Kekuasaan
Pengertian Kekuasaan
Kekuasaan (wikipedia, 2012) adalah kewenangan yang didapatkan oleh seseorang
atau kelompok guna menjalankan kewenangan tersebut sesuai dengan
kewenangan yang diberikan, kewenangan tidak boleh dijalankan melebihi
kewenangan yang diperoleh
atau kemampuan seseorang atau kelompok untuk memengaruhi tingkah laku
orang atau kelompok lain sesuai dengan keinginan dari pelaku (Miriam
Budiardjo,2002) atau Kekuasaan merupakan kemampuan memengaruhi pihak
lain untuk berpikir dan berperilaku sesuai dengan kehendak yang
memengaruhi (Ramlan Surbakti,1992).
Dalam pembicaraan umum, kekuasaan dapat berarti kekuasaan golongan,
kekuasaan raja, kekuasaan pejabat negara. Sehingga tidak salah bila
dikatakan kekuasaan adalah kemampuan untuk mempengaruhi pihak lain
menurut kehendak yang ada pada pemegang kekuasaan tersebut. Robert Mac
Iver mengatakan bahwa Kekuasaan adalah kemampuan untuk mengendalikan
tingkah laku orang lain baik secara langsung dengan jalan memberi
perintah / dengan tidak langsung dengan jalan menggunakan semua alat dan
cara yg tersedia. Kekuasaan biasanya berbentuk hubungan, ada yg
memerintah dan ada yg diperintah. Manusia berlaku sebagau subjek
sekaligus objek dari kekuasaan. Contohnya Presiden, ia membuat UU
(subyek dari kekuasaan) tetapi juga harus tunduk pada UU (objek dari
kekuasaan).
Jenis-Jenis Kekuasaan
Pada dasarnya telah dikenal bentuk-bentuk kekuasaan yang dijadikan sebagai dasar dalam sistem pemerintahan. Jenis-jenis kekuasaan tersebut terbagi menjadi 3 dan akan dijelaskan secara lengkap dibawah ini:
1. Monarki dan Tirani
Monarki berasal dari kata ‘monarch’ yang berarti raja, yaitu jenis
kekuasaan politik di mana raja atau ratu sebagai pemegang kekuasaan
dominan negara (kerajaan). Para pendukung monarki biasanya mengajukan
pendapat bahwa jenis kekuasaan yang dipegang oleh satu tangan ini lebih
efektif untuk menciptakan suatu stabiltas atau konsensus di dalam proses
pembuatan kebijakan. Perdebatan yang bertele-tele, pendapat yang
beragam, atau persaingan antarkelompok menjadi relatif terkurangi oleh
sebab cuma ada satu kekuasaan yang dominan.
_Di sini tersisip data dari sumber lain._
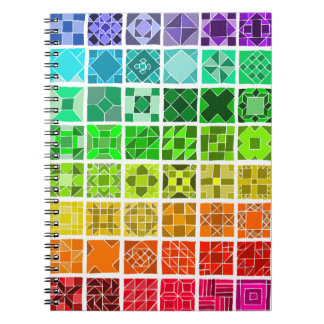 Carnet motif de courtepointe arc-en-ciel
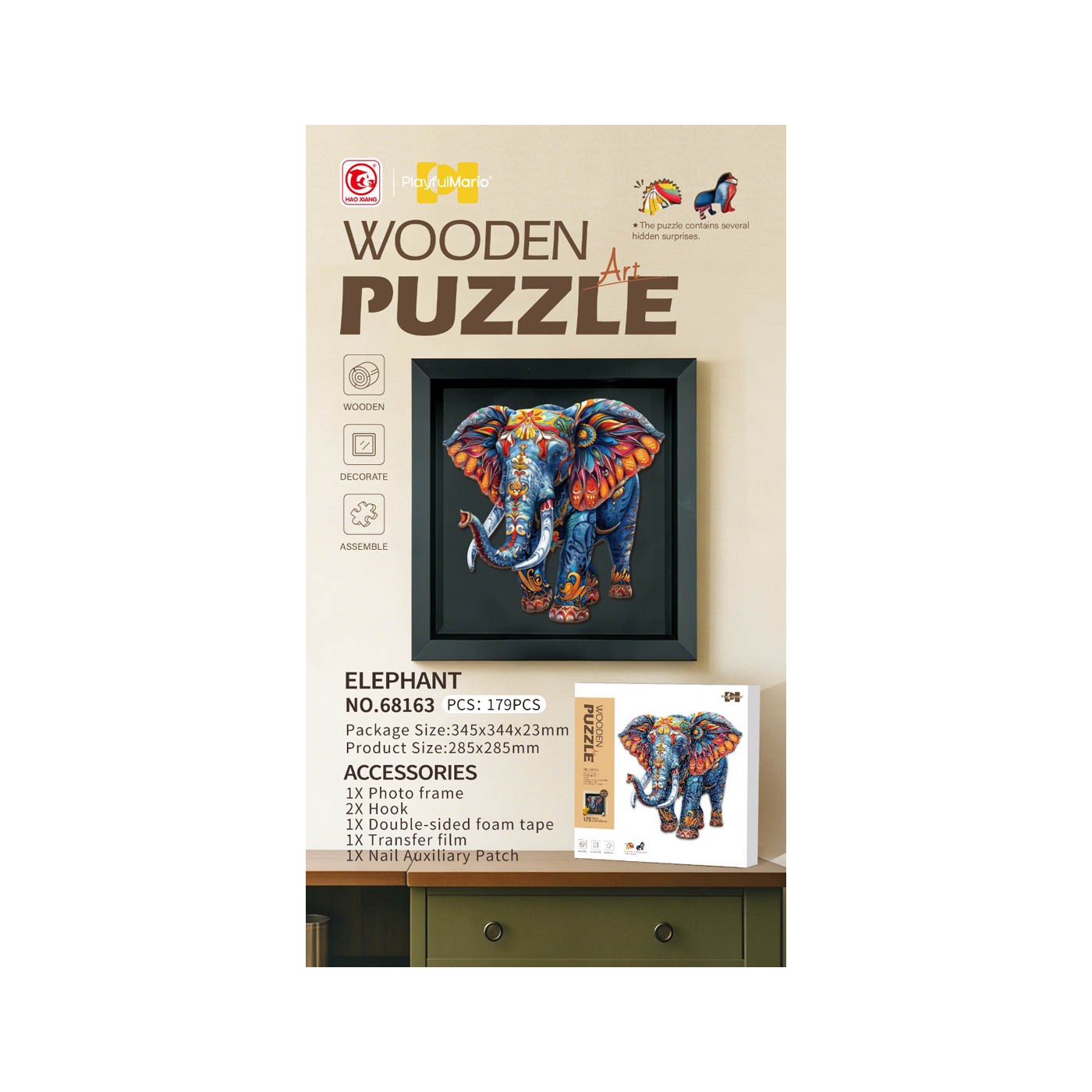 Wooden Jigsaw Puzzle Set 179el. Elephant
Negara-negara yang menerapkan jenis kekuasaan monarki hingga saat ini
adalah Inggris, Swedia, Denmark, Belanda, Norwegia, Belgia, Luxemburg,
Jepang, Muangthai, dan Spanyol. Di negara-negara ini, monarki menjadi
instrumen pemersatu yang cukup efektif, misalnya sebagai simbol
persatuan antar berbagai kelompok yang ada di tengah masyarakat. Kita
perhatikan negara yang modern dan maju seperti Inggris dan Jepang pun
masih menerapkan sistem monarki.
Namun, di negara-negara ini, penguasa monarki harus berbagi kekuasaan
dengan pihak lain, terutama parlemen. Proses berbagi kekuasaan tersebut
dikukuhkan lewat konstitusi (Undang-undang Dasar), dan sebab itu,
monarki di era negara-negara modern sesungguhnya bukan lagi absolut
melainkan bersifat monarki konstitusional. Bahkan, kekuasaannya hanya
bersifat simbolik (sekadar kepala negara) ketimbang amat menentukan
praktek pemerintahan sehari-hari (kepala pemerintahan). Di ke-10 negara
monarki yang telah disebut di atas, pihak yang relatif lebih berkuasa
untuk menentukan jalannya pemerintahan adalah parlemen dengan perdana
menteri sebagai kepala pemerintahannya.
Jenis monarki lainnya yang kini masih ada adalah Arab Saudi. Negara
ini berupa kerajaan dan raja adalah sekaligus kepala negara dan
pemerintahan. Kekuasaan raja tidak dibatasi secara konstitusional, tidak
ada partai politik dan oposisi di sana. Pola kekuasaan di Arab Saudi
juga dikenal sebagai dinasti (Dinasti al-Saud), di mana pewaris raja
adalah keturunannya.
Bentuk pemerintahan yang buruk di dalam satu tangan adalah Tirani.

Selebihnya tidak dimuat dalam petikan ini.